New Jersey

Son of Former New Jersey Mayor Charged in Hofstra Grad Slay Case

The 26-year-old Comunale was found stabbed more than a dozen times in a shallow grave in New Jersey last month

What to Know

  • 26-year-old Joey Comunale was stabbed to death at a luxury apartment building in Manhattan, likely the night of Nov. 12 or early Nov. 13
  • Authorities recovered Comunale's remains Nov. 16 after one of the suspects allegedly told detectives where he had been dumped
  • A criminal complaint says Comunale was stabbed more than a dozen times; part of his body had also been burned

The son of a former New Jersey mayor has been charged in connection with the death of a Hofstra University graduate who prosecutors say was stabbed 15 times in the chest in a luxury Manhattan apartment last month and then buried in a shallow grave in New Jersey.

Max Gemma, 29, of Oceanport, was arrested Tuesday after turning himself in to police.
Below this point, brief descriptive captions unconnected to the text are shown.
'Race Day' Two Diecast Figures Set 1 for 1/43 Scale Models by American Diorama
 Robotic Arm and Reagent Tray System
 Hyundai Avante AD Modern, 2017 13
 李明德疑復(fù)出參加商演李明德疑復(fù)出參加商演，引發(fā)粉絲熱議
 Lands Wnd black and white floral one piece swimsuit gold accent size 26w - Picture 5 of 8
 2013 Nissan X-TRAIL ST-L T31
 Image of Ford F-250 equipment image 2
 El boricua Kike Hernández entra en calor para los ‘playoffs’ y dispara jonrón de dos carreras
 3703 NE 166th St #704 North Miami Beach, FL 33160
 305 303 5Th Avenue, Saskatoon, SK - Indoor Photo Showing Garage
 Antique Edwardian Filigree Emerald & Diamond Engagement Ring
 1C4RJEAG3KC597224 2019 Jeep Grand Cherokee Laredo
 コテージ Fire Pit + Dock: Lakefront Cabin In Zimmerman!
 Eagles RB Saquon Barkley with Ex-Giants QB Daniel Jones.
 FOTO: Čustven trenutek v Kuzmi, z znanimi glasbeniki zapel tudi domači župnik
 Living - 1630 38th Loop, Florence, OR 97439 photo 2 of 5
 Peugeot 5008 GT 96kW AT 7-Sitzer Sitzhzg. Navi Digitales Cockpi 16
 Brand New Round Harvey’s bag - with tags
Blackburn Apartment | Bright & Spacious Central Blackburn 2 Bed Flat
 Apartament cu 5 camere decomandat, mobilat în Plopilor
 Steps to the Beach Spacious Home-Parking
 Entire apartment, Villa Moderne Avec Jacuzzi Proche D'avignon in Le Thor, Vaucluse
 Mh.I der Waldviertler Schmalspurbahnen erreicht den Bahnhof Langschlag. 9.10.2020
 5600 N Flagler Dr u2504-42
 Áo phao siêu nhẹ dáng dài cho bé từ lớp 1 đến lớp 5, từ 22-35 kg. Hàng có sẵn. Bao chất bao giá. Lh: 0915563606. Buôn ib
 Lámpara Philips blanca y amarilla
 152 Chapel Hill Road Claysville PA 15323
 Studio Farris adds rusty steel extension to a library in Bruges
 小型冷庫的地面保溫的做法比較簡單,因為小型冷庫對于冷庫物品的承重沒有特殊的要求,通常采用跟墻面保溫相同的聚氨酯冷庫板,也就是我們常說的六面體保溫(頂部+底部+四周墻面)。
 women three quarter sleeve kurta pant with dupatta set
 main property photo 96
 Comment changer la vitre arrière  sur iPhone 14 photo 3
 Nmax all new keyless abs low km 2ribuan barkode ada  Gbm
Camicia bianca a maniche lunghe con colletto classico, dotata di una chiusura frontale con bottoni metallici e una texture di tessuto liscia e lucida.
The son of former Oceanport mayor Gordon Gemma appeared in Manhattan Criminal Court to plead not guilty to charges of hindering prosecution and tampering with physical evidence in the death of 26-year-old Joey Comunale, of Stamford, Connecticut.

Comunale's body was found in a shallow grave behind an old police station in New Jersey Nov. 16. James Rackover, 25, and Lawrence Dilione, 28, were arrested shortly afterward in his death. Though police initially charged them with murder, prosecutors have so far only charged them with concealment of a corpse, tampering with evidence and hindering prosecution in the criminal complaint, pending further investigation. 

Prosecutors said Tuesday they believe Gemma was in the apartment where Comunale died and that Gemma changed his clothing and hid evidence.

But Gemma's lawyers said there was no evidence or witness testimony to support the claims.

A charge of tampering with evidence "should involve more than changing his clothes. And we think it's something else," his attorney Mark Bederow said outside court. 

Bederow declined to specify the relationship among the three men. 

Gemma posted the $100,000 cash bond late Tuesday afternoon and left court in a waiting car without speaking to reporters. His father also declined to comment.

Gemma is due back in court on Jan. 17. He works in software sales, according to his attorney in court, and is free to return to work until the next court date. 

Police have said Comunale was stabbed to death in some sort of dispute after he, Rackover, Dilione and three women returned from the Gilded Lily nightclub on 14th Street late Saturday, Nov. 12, or early Sunday, Nov. 13.

According to a criminal complaint, an informant told authorities Rackover was seen late Saturday leaving his apartment building and putting a large duffel bag into the trunk of a black Mercedes with tinted windows that was registered to Rackover's father. Records show the car leaving Manhattan and traveling through the Holland Tunnel to New Jersey, the criminal complaint says.

Dilione allegedly admitted he and Rackover dumped Comunale's body and told them where to find it. The young man had been stabbed more than a dozen times in the chest; his legs were burned and a gas canister was discovered nearby, the criminal complaint says.  

Bloody clothing, sheets and towels were found in Rackover's apartment during the course of an investigation, prosecutors said. The black vehicle that Rackover had been seen driving was later returned to Manhattan, left in a parking garage on East 58th Street, and a cadaver dog made a positive alert for a body or bodily fluids in the trunk area, the complaint says. 

Shortly after Comunale's body was found, his father, Pat, who had reported him missing, described him as "one of a kind."

"This is not something that happens to kids like this," Pat Comunale said of his son, who was an avid hockey player. "He didn't deserve this. He didn't go looking for trouble. It wasn't right. This is not right."